Área protegida, coberta ou não por vegetação nativa, situadas ao longo de rios ou qualquer curso d’agua. Possuem a finalidade de preservar os recursos hídricos, a biodiversidade e paisagem, além de proteger o solo e garantir o bem-estar humano. 

Áreas consolidadas:

Área de imóvel rural com ocupação antrópica preexistente a 22 de julho de 2008.

Pagamento por serviços ambientais (PSA):

Transação de natureza voluntária, mediante a qual um pagador de serviços ambientais transfere a um provedor desses serviços recursos financeiros ou outra forma de remuneração, nas condições acertadas, respeitadas as disposições legais e regulamentares pertinentes.

Serviços ecossistêmicos:

São as contribuições diretas e indiretas dos ecossistemas à economia e ao bem-estar humano, isto é, benefícios da natureza para a população.
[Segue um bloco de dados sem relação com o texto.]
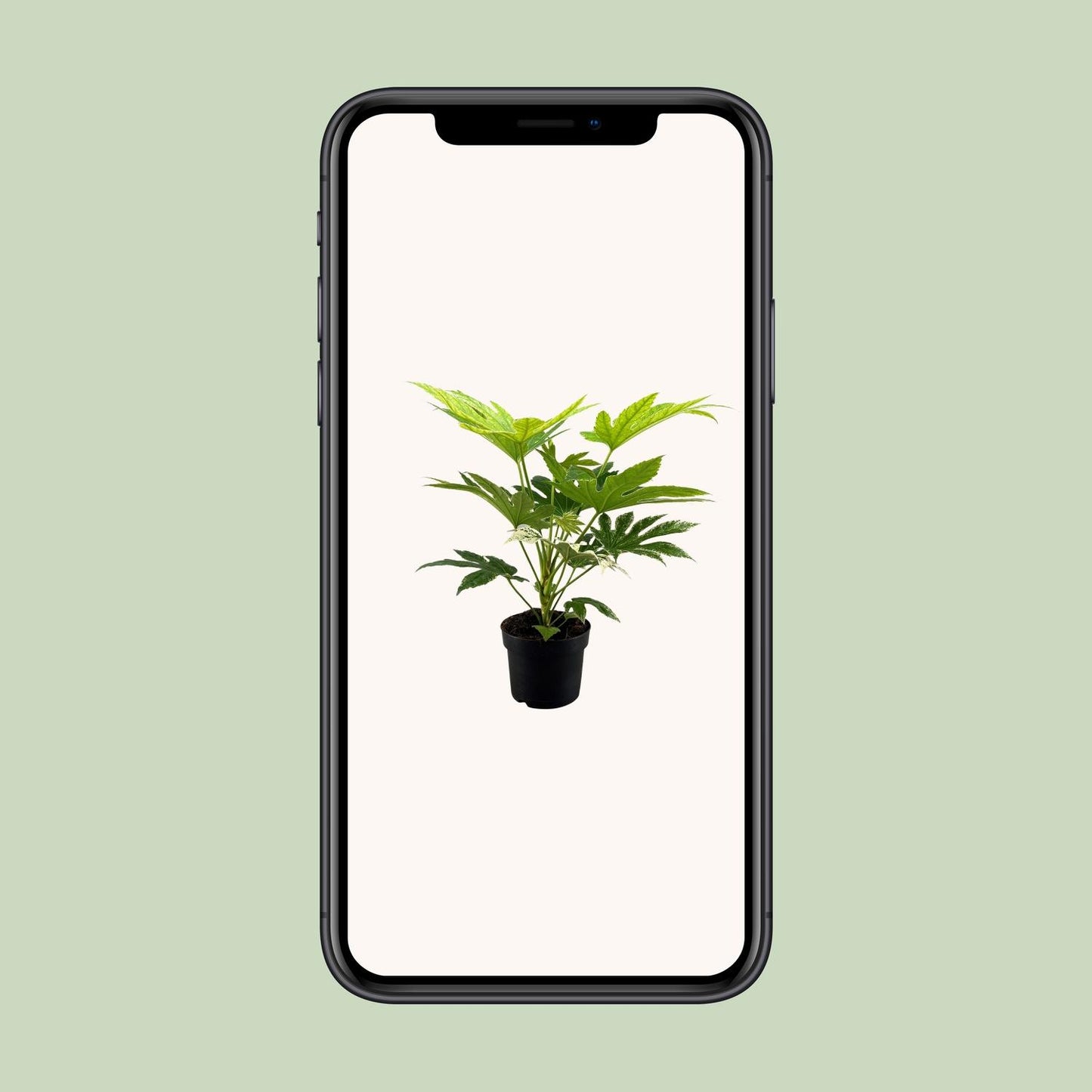 Fatsia Japonica Spider Web - Ø17 cm - ↕50 cm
São classificados em quatro categorias:
1) Serviços de provisão (fornecimento de bens para o consumo humano);
2) Serviços culturais (turismo, recreação, educação, apreciação estética da paisagem, etc.);
3) Serviços de suporte (formação do solo, ciclagem de nutrientes, produção primária, etc.);
4) Serviços de regulação (são as regulações dos processos dos ecossistemas, tais como regulação da água, do clima, de enfermidades, etc.). 

Reserva legal (RL):

Percentual de área com cobertura de vegetação nativa localizada no interior de uma propriedade ou posse rural, no Brasil, com o objetivo de assegurar o uso econômico e sustentável dos recursos naturais. A partir do Novo Código Florestal, a porcentagem de RL em propriedades rurais ficou definida da seguinte maneira: I) 80% imóvel localizado em áreas de florestas na Amazônia Legal; II) 35% imóvel localizado no Cerrado; e III) 20% imóvel localizado em outros biomas e campos gerais. 

Serviços ambientais:

Atividades individuais ou coletivas que favorecem a manutenção, a recuperação ou a melhoria dos serviços ecossistêmicos.